FERGUSON, Mo.—Tense but peaceful protests over Michael Brown’s death and other fatal police shootings in Missouri and elsewhere stretched across the St. Louis region Friday as organizers urged hundreds of participants to avoid arrest so that they could return for a weekend of demonstrations.
The four-day event called Ferguson October began Friday afternoon with a march outside the St. Louis County prosecutor’s office in Clayton and renewed calls for prosecutor Bob McCulloch to charge Darren Wilson, a white Ferguson officer, in the Aug. 9 death of 18-year-old Brown, who was black and unarmed. A grand jury is reviewing the case.
The demonstrations moved to Ferguson Friday night as protesters stood inches from officers in riot gear before demonstrators disbursed. Many then went to the site of a police shooting in St. Louis, where another demonstration is planned Saturday. By 2 a.m. Saturday, St. Louis police had blocked a main road that crosses an interstate highway near Saint Louis University’s medical complex, but the heavy police restrictions didn’t keep hundreds more — including many newcomers from across the country who joined local residents — from marching in the streets.

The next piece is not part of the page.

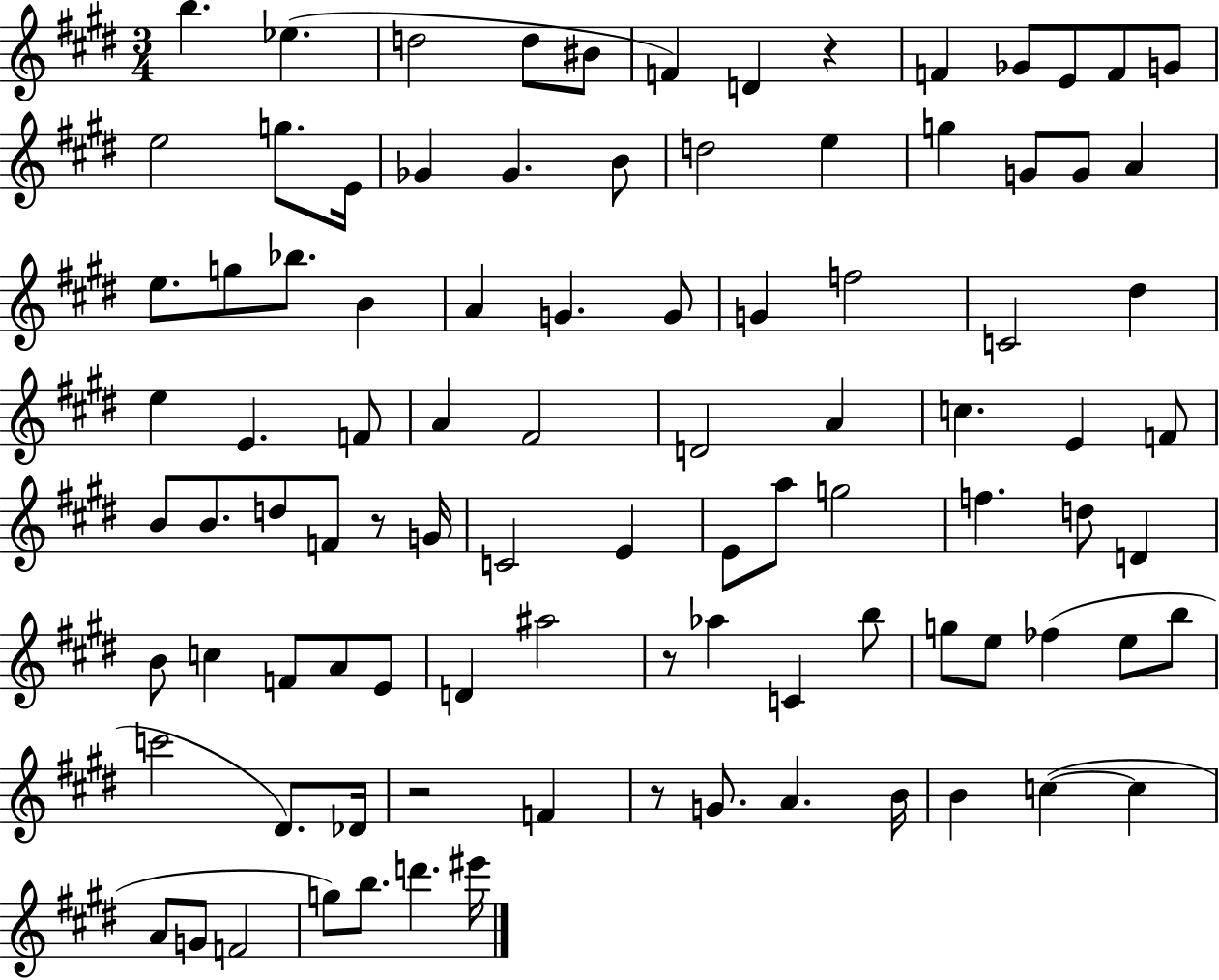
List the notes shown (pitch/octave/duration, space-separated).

B5/q. Eb5/q. D5/h D5/e BIS4/e F4/q D4/q R/q F4/q Gb4/e E4/e F4/e G4/e E5/h G5/e. E4/s Gb4/q Gb4/q. B4/e D5/h E5/q G5/q G4/e G4/e A4/q E5/e. G5/e Bb5/e. B4/q A4/q G4/q. G4/e G4/q F5/h C4/h D#5/q E5/q E4/q. F4/e A4/q F#4/h D4/h A4/q C5/q. E4/q F4/e B4/e B4/e. D5/e F4/e R/e G4/s C4/h E4/q E4/e A5/e G5/h F5/q. D5/e D4/q B4/e C5/q F4/e A4/e E4/e D4/q A#5/h R/e Ab5/q C4/q B5/e G5/e E5/e FES5/q E5/e B5/e C6/h D#4/e. Db4/s R/h F4/q R/e G4/e. A4/q. B4/s B4/q C5/q C5/q A4/e G4/e F4/h G5/e B5/e. D6/q. EIS6/s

“It’s important for this country to stand with this community,” said protester Ellen Davidson of New York City, a community college administrator who was making her second trip to the St. Louis area since Brown’s death. “This community is under siege. ... The eyes of the world are watching.”
The planned Saturday morning protest in downtown St. Louis will take place hours before the Cardinals host the San Francisco Giants in the first game of the National League Championship Series. And on Monday, a series of planned — but unannounced — acts of civil disobedience are to take place throughout the St. Louis region.

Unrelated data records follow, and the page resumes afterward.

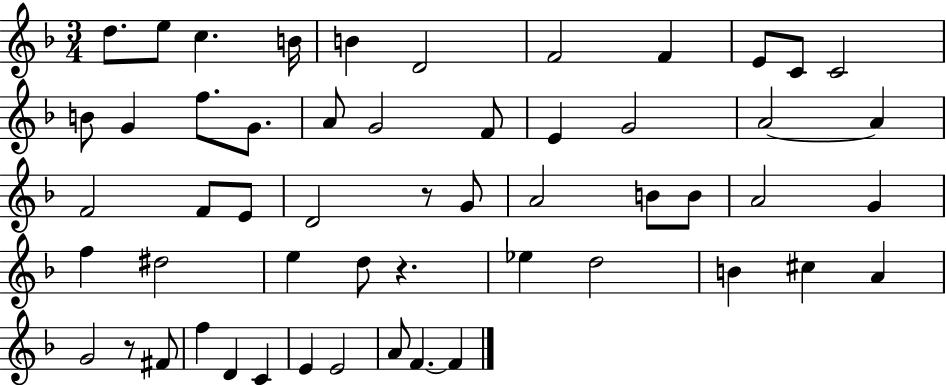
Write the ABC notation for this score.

X:1
T:Untitled
M:3/4
L:1/4
K:F
d/2 e/2 c B/4 B D2 F2 F E/2 C/2 C2 B/2 G f/2 G/2 A/2 G2 F/2 E G2 A2 A F2 F/2 E/2 D2 z/2 G/2 A2 B/2 B/2 A2 G f ^d2 e d/2 z _e d2 B ^c A G2 z/2 ^F/2 f D C E E2 A/2 F F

“I’m not planning to get arrested,” said Davidson, who accompanied about 15 other members of Veterans for Peace from Illinois, Minnesota, New York and Tennessee. “But I do plan to do what I believe are in my rights as a protester. If I get arrested, that’s on the people who arrest me.”
Organizers said before the weekend that they expected 6,000 to 10,000 participants, but the initial protest outside the county courthouse, which took place amid a cold and steady rain, didn’t draw nearly that amount. Tensions increased in Ferguson, with hundreds of protesters gathering outside the Ferguson Police Department and chanting anti-police remarks such as, “Killer cops, KKK, how many kids did you kill today?” as a wall of about 100 officers in riot gear stood impassively.
In Clayton, officers escorted the several hundred demonstrators through the suburb’s downtown as they marched past high-end restaurants, jewelry stores, banks and law offices.
“We are here to demand the justice that our people have died for,” chanted protest organizer Montague Simmons of the local group Organization for Black Struggle. “We are here to bring peace, to bring restoration, to lift our banners in the name of those who’ve been sacrificed.”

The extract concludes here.